State ex rel. Dispatch Printing Co. v. Solove

556 N.E.2d 439, 52 Ohio St. 3d 6, 17 Media L. Rep. (BNA) 2241, 1990 Ohio LEXIS 248
CourtOhio Supreme Court
DecidedJune 13, 1990
DocketNos. 89-1302 and 89-1303
StatusPublished
Cited by101 cases

This text of 556 N.E.2d 439 (State ex rel. Dispatch Printing Co. v. Solove) is published on Counsel Stack Legal Research, covering Ohio Supreme Court primary law. Counsel Stack provides free access to over 12 million legal documents including statutes, case law, regulations, and constitutions.

Bluebook
State ex rel. Dispatch Printing Co. v. Solove, 556 N.E.2d 439, 52 Ohio St. 3d 6, 17 Media L. Rep. (BNA) 2241, 1990 Ohio LEXIS 248 (Ohio 1990).

Opinions

H. Brown, J.

This case presents a question of first impression for us: what standard should be applied by a juvenile court judge in ruling on motions to restrict public access to custody and dependency proceedings? The restrictions in the instant case take two forms: a “closure order” which bars the public from attending the trial, and a so-called “gag order” which prohibits the adult parties from discussing the case, and thus indirectly restricts public access by depriving the media of a source of news.

For the reasons which follow, we find that the orders issued by appellant Judge Solove were, with some modification, supported by the evidence under the standard which we herein adopt.

I

PROCEDURAL ISSUES

The Dispatch and the court below appear to have been uncertain of whether an appeal or a writ of prohibition should be used to seek review of the closure and gag orders. Extraordinary writs, such as the writ of prohibition, are not available to review a trial court’s actions when the party seeking the writ has a plain and adequate remedy at law by way of an appeal. See DuBose v. Trumbull Cty. Court of Common Pleas (1980), 64 Ohio St. 2d 169, 171-172, 18 O.O. 3d 385, 387, 413 N.E. 2d 1205, 1208. Here, however, the Dispatch has no remedy by way of an appeal. Interlocutory closure and gag orders are not final, appealable orders. Though they involve substantial rights, they do not determine the action and prevent a [11]*11judgment in favor of a party to the action. See R.C. 2505.02. While the parties themselves may ultimately appeal from the trial court’s final judgment and assign as error the imposition or nonimposition of a closure or gag order, see State, ex rel. Fyffe, v. Pierce (1988), 40 Ohio St. 3d 8, 531 N.E. 2d 673, the Dispatch cannot do so because it is not a party to the action. Even if the Dispatch did have standing to appeal from the final judgment, it would not have an adequate remedy because the proceeding to which it seeks access would be over before the appeal could be taken.

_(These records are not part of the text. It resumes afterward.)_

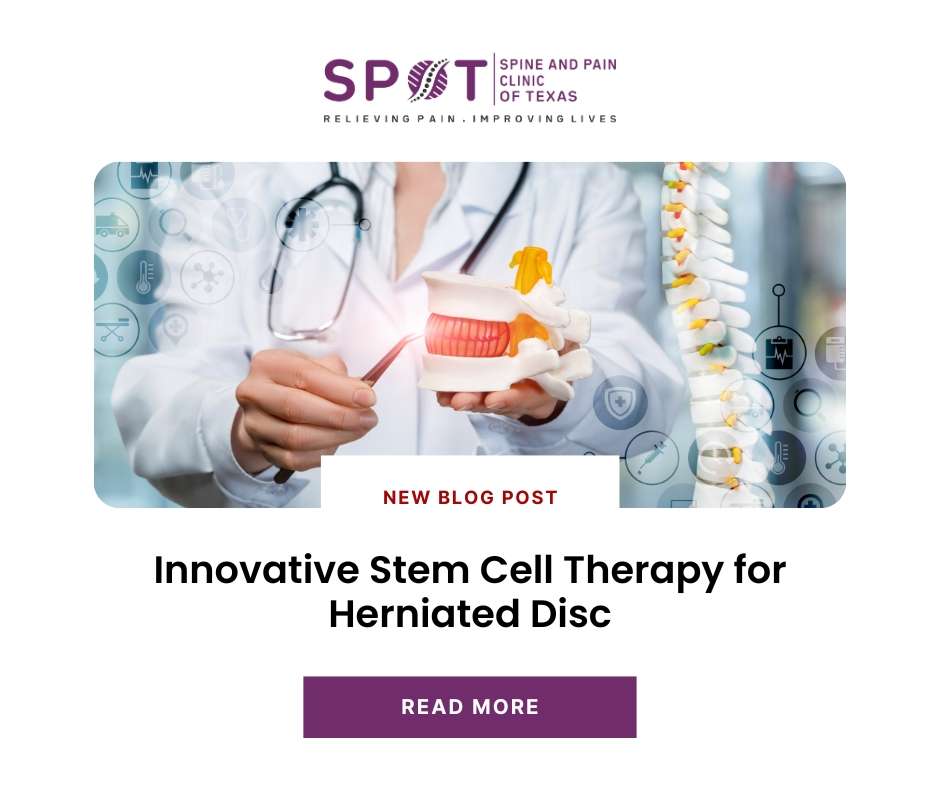 Stem Cell Therapy for Herniated Disc
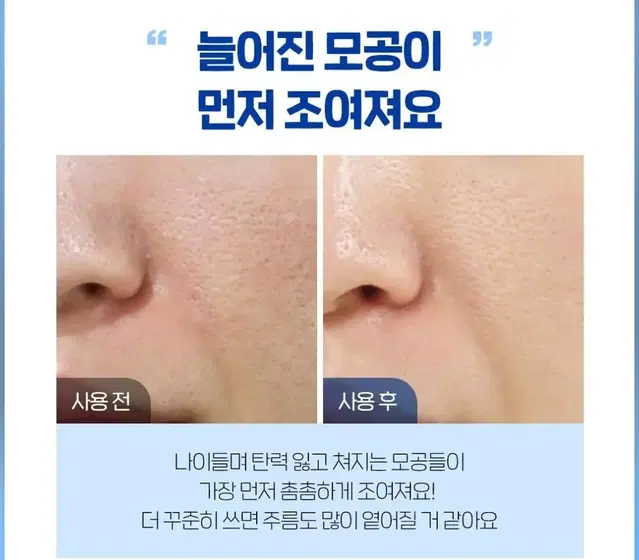 피부과X한번만발라도 효과팔자 주름 기미 탄력 줄기세포배양액 100% 앰플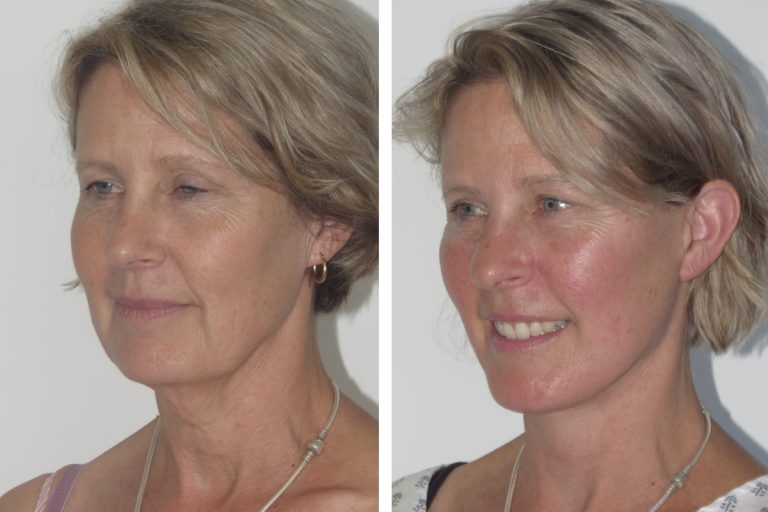 Deep plane facelift before and after, female patient, angle view, Dr Hunt Sydney, 2172 @2x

Our cases have long held that prohibition is an appropriate remedy to prevent enforcement of an order improperly restricting the access of press and public to court proceedings. State, ex rel. Dayton Newspapers, Inc., v. Phillips (1976), 46 Ohio St. 2d 457, 75 O.O. 2d 511, 351 N.E. 2d 127, paragraph one of the syllabus; see, also, State, ex rel. Beacon Journal Publishing Co., v. Kainrad (1976), 46 Ohio St. 2d 349, 75 O.O. 2d 435, 348 N.E. 2d 695; State, ex rel. The Repository, v. Unger (1986), 28 Ohio St. 3d 418, 28 OBR 472, 504 N.E. 2d 37. Because its right to gather news and its right to attend a public proceeding are impaired by such an order, the press has standing to bring an action in prohibition to challenge its validity. See Dayton Newspapers, supra, at paragraph two of the syllabus; Repository, supra, at 419, 28 OBR at 473, 504 N.E. 2d at 39.4 Accordingly, we reaffirm our prior decisions and hold that interlocutory orders of a trial court restricting public access to pending litigation are not final, appealable orders, and may be challenged during the pendency of the litigation only through an action for a writ of prohibition. Members of the press and public who seek access to a closed court proceeding have standing to seek a writ of prohibition for this purpose.

II

THE STANDARD FOR DETERMINING PUBLIC ACCESS TO JUVENILE COURT PROCEEDINGS

The parties vigorously disagree on whether Judge Solove applied the correct standard and properly allocated the burden of proof when deciding to close the courtroom and place the parties under a gag order. The disagreement is complicated by the fact that Judge Solove appears to have used two different standards. In pronouncing his decision on the gag order from the bench, he said, “So long as there is a scintilla of possibility of harm to the child, this Court will restrict the rights of the adults involved. And it is clear to me that there is at least a real possibility that the continued attention to this matter will result in harm to the child.” In the written opinion on the closure order, the judge stated that there was “a presumption in favor of the openness of all judicial proceedings” which could only be overcome “where a competing, overriding interest is found to exist and the preservation of that overriding interest necessitates invasion of the first amendment rights * * *.”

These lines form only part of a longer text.